The US and its allies were seeking punishment today for North Korea’s defiant launch of a rocket that apparently fizzled into the Pacific.

The US and its allies were seeking punishment today for North Korea’s defiant launch of a rocket that apparently fizzled into the Pacific.

The United Nations Security Council held an emergency meeting yesterday in response to the “provocative act” that some believe was a long-range missile test.
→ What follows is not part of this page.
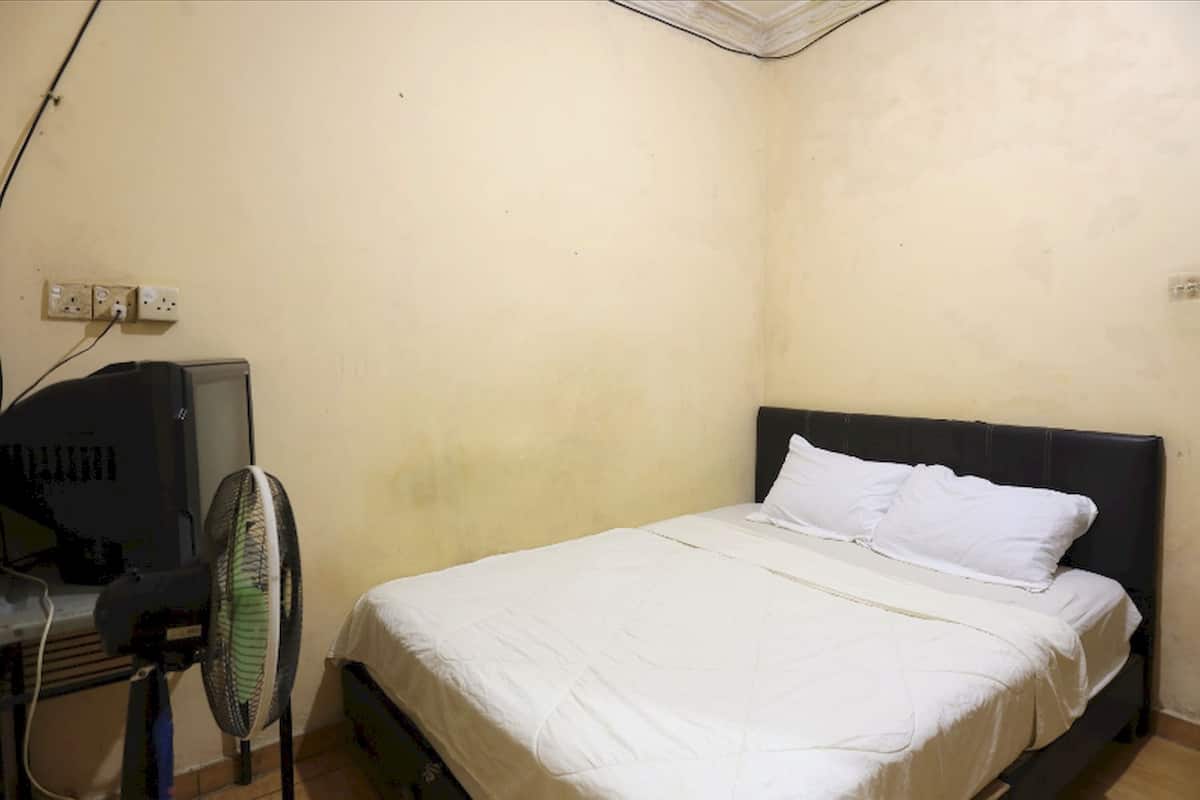Una habitación pequeña con cama individual, una pared sencilla, un escritorio con computadora y un ventilador de pie.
But it ended last night with no agreement on a UN response and talks will continue today.

US president Barack Obama, faced with his first global security crisis, called for an international response and condemned North Korea for threatening the peace and stability of nations “near and far”.

Minutes after lift-off, Japan requested the emergency security council session in New York.

South Korean president Lee Myung-bak expressed indignation on national radio, saying: “North Korea’s reckless act of threatening regional and global security cannot have any justification.”

US and South Korean officials claim the entire rocket, including whatever payload it carried, ended up in the ocean after yesterday’s launch, but many world leaders fear the launch indicates the capacity to fire a long-range missile.

Pyongyang claims it launched a communications satellite into orbit that is now transmitting data and patriotic songs.

“North Korea broke the rules, once again, by testing a rocket that could be used for long-range missiles,” Mr Obama said yesterday in Prague, in the Czech Republic.

“It creates instability in their region, around the world. This provocation underscores the need for action, not just in the UN Security Council, but in our determination to prevent the spread of these weapons.”

Security council members met for three hours seeking a unified response, but the meeting ended with a deadlock, breaking up for the night without issuing even a customary preliminary statement of condemnation.

Diplomats privy to the closed-door talks say China, Russia, Libya and Vietnam were concerned about further alienating and destabilising North Korea.

“We’re now in a very sensitive moment,” Chinese ambassador Zhang Yesui said after the talks. “Our position is that all countries concerned should show restraint and refrain from taking actions that might lead to increased tensions.”

The US Britain, France and Japan drafted a proposal for a resolution that could be adopted by the end of the week. It aims to toughen existing economic sanctions by “naming and shaming” individuals and entities, diplomats said.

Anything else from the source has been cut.